Navigating the Conflict
I haven’t told this friend, “You’re no longer a perfect friend.” What good would that do? She isn’t a bad person, and this isn’t about assigning blame. Besides, I have a tendency to resist binaries in my life—friendship included. Relationships are messy, layered, and rarely fit into neat categories. That said, I’ve stopped placing the weight of expectation on a friendship that can no longer hold it.
Kellie Carter Jackson reminds us in We Refuse, A Forceful History of Black Resistance that resistance can take many forms. In her chapter on joy, she writes about the transformative power of claiming creative space in a world that seeks to erase you. Friendship, like joy, is an act of care. It’s about creating spaces that celebrate our wholeness.
For me, resistance means freeing myself from the obligation to shrink, to pretend, or to keep placing the weight of expectation on friendships that no longer nurture me. Perfect friendships are part of that resistance—a refusal to settle for connections that don’t honor our full selves, even if other kinds of friendships still serve a different purpose.
The Beautiful Mess of Friendship
Arthur Brooks notes that real friendships are often built not on shared circumstances but on shared values. The people who remain in our lives are the ones who see us as we are and walk with us as we grow. Perfect friendships are not about quantity—they are about quality.
I wish I could tell you that I know how to navigate this perfectly. I wish I had a map, a set of rules, a clear script for when and how to let go of these ties. But the truth is, I don’t. This is messy, uncharted terrain. What I do know is that growth requires hard choices, and that the friendships worth keeping are the ones that can hold the fullness of who we are.
So, ask yourself: Are your friendships serving you in this chapter of your life? Or are you holding onto them out of habit, obligation, or fear of letting go?

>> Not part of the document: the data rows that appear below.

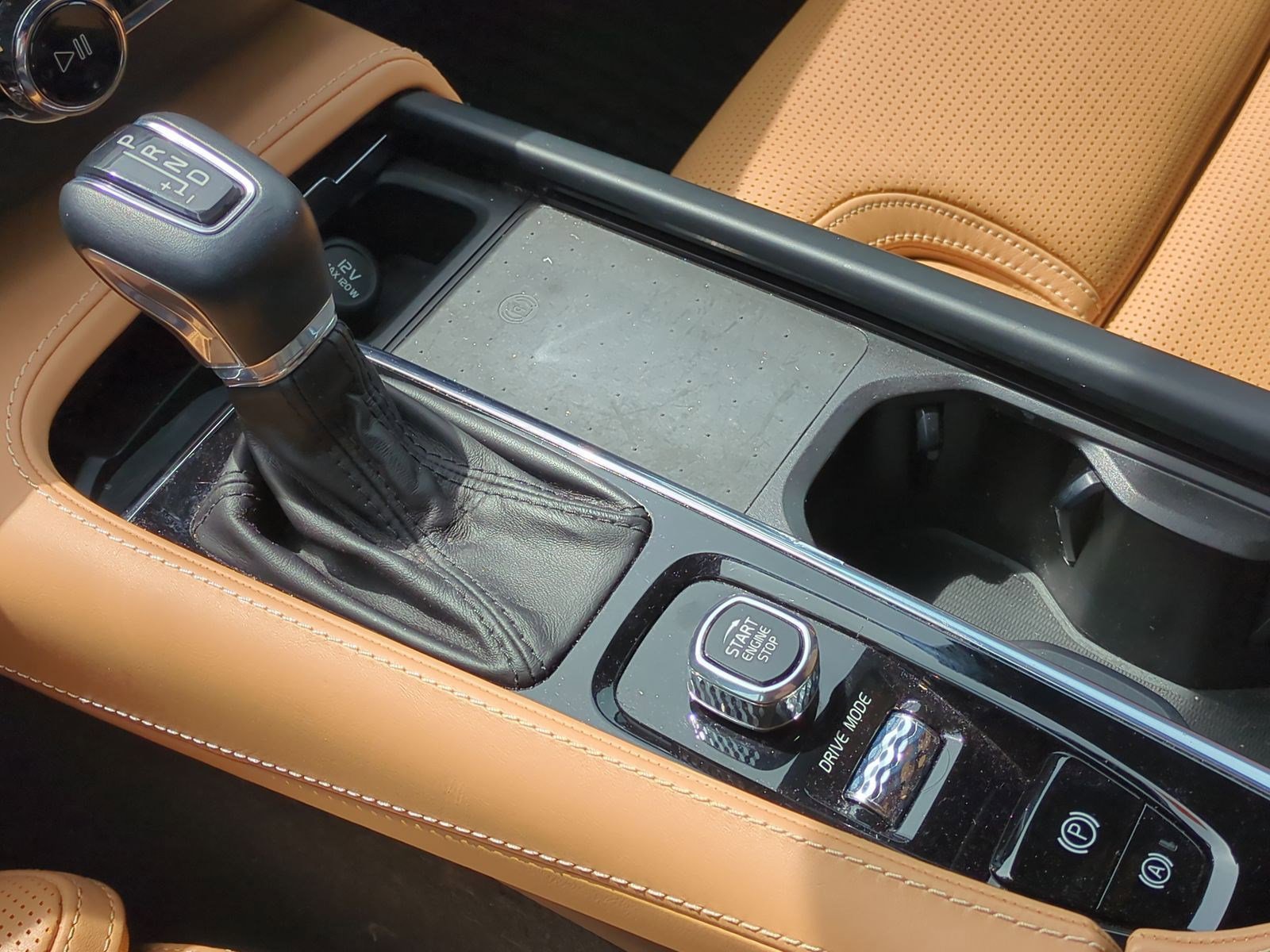 Used 2021 Volvo XC90 T6 Inscription w/ Lounge Package image 26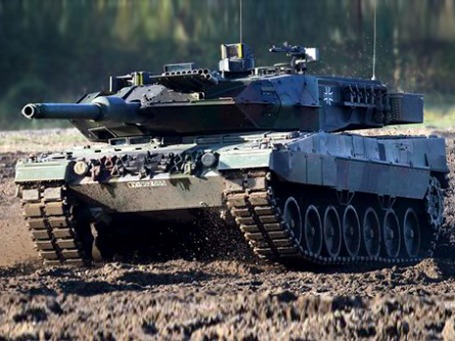 Такие танки Leopard 2 Германия поставляет в Саудовскую Аравию. Фото: AP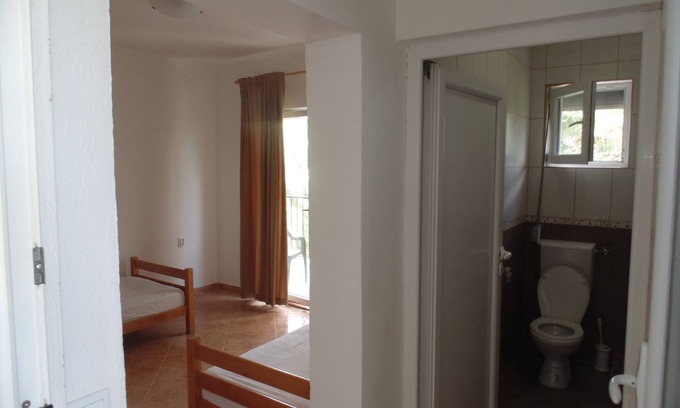 Bar Apartment | Small apartment with balcony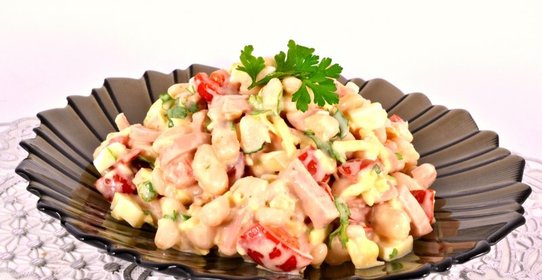 Салат из отварной фасоли с колбасой, помидорами и сыром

Time is finite. Let’s spend it with the people who see us, hear us, and walk with us through the complexities of who we are.
Thank you for this. I’m reeling from what I think was the inevitable end of a long friendship, and while I’d never regret the friendship because it was a big part of my life, it was not filling my cup and I think I was hanging on because I was afraid to lose something else.
I ended a long-time friendship three years ago and it still bothers me frequently like a pebble in my shoe and shows up in my dreams. But at the same time I know it was exactly the right thing to do and I don’t miss that relationship in my life at all. I hope the severing of this relationship ended up being a good thing for my former friend too.